AI identification of friends and foes is the most likely and most realistic candidate
Really, the most realistic way to achieve that is to help soldiers identify targets before they manually shoot them with conventional weapons.
AI could be used to identify friends and foes. We've made enough progress with AI that it's not unconceivable to have a well-trained AI model that can interpret what the soldier sees and paint targets.
Displaying the information would be fairly trivial, and we have already plenty of examples of what that would look like if you've ever played a shooter in the last decade.
The next technological leap would be to link IFF to the trigger of the guns, forbiding it to shoot non-friendlies (excluding civilians), maybe even non-hostiles (including civilians). Then the next step would be systems that can point at a target autonomously, and either fire at will or fire on command.
Mistakes will still happen, and it's not some kind of smart bomb that kill all baddies in a city leaving everybody else alive. But on the bright side, it also doesn't shoot your own guys, which is something a smart bomb would have trouble achieving.
This supposes the enemy follows the laws and customs of war, which includes showing your true colours (i.e. wearing an identifiable uniform of your own faction, and bearing arms clearly). Not because not doing so would be a war crime (which it is, but that's only a problem if you lose), but because that's a good way to trick your own troops into shooting themselves.
That covers what the technology could be. We'll cover how it can be perverted, but before we get there I need to say two things.
It doesn't need to be a working weapon
"An engineer is working on an energy weapon" doesn't mean there is a fully working prototype yet, let alone a production version. It might work in a lab under ideal conditions, but hasn't been field-tested. As such, it may have flaws to be resolved that makes it good enough for paintball but not enough to be deployed. And certainly enough to envision its limitations and all the ways it can be perverted.
In fact, it doesn't need to be a weapon. Technology can be designed for non-combat purposes, only to be coopted by the military to shoot at people. Or seemingly innocent technology being funded by the military to make it easier to shoot at people.
There are precedents for that. The Silicon Valley first thrived on US government contracts, being both the biggest financer and biggest client of early electronics. Why? Well to make better targeting systems for missiles. GPS famously is US military technology. Encryption was once classified as a weapon. You'd be amazed the amount of technology in your pocket that owe its existence to the military-industrial complex.
So it's entirely possible for your "weapon" to be a new form of AI training, some fundamental research on a new physical phenomenon that happens to make grenades explode randomly, or some other seemingly innocent prototype.
It may or may not work as advertised, but it doesn't matter too much because...
Never underestimate the magic thinking of generals
It would be very easy for generals to consider the weapon works exactly as described this far: a perfect weapon that only kill the people you want dead and not anybody else. After spending billions of moneys into it, they'd be right to expect that it should work as advertised.

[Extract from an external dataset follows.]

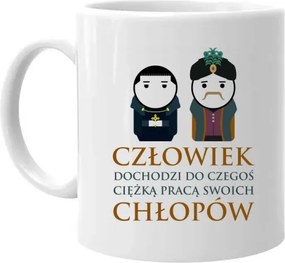 Az ember valami kemény munkával jut el a parasztjaihoz bögre egy rajongónak 1670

And they might even convince themselves that it does, at least until they start using it and realise it doesn't really.
It would also be very easy for generals to consider that anybody that the weapons kill was an intended and justified target. The obvious example here is "strategic" bombing. You level whole cities, and it's not terror bombing because it's totally justified, you're only shooting at the military, or its support industries, or whomever works for those support industries, or whomever supports those who support them.

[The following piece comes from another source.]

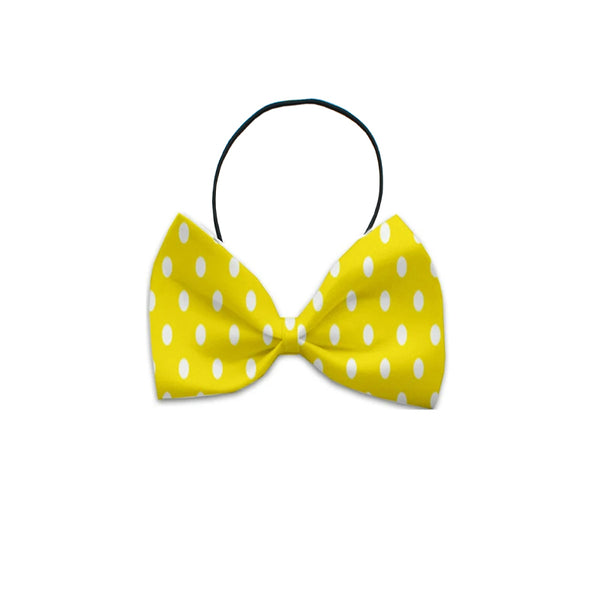 Yellow Polka Dots Bow Tie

Whatever helps them sleep at night, or not look like monsters after the war is over.
For the engineer however, it should be obvious how the "weapon" can be used and abused.
No matter how it works, the engineer should be scared of it
The idea of a weapon that can be targeted against a specific group of people is frightening. Today you're shooting enemy soldiers, tomorrow you might be shooting at protesters, and the day after that at ethnic minorities. All horrific prospects for people with a conscience.
And those concerns are very justified with AI models. AI doesn't erase societal biases, quite on the contrary. It is near impossible to remove biases in training, and there are a lot of them in our data. It would be quite easy to imagine an AI trained to shoot at Middle Eastern soldiers and not your own majoritarily white troops, that ends up shooting anybody with dark skin regardless of the uniform or lack thereof.
It doesn't really matters how it works, or if it works. The simple fact that it might one day work should be enough for the engineer to want to scrap it, and enough for the powers-that-be to want it.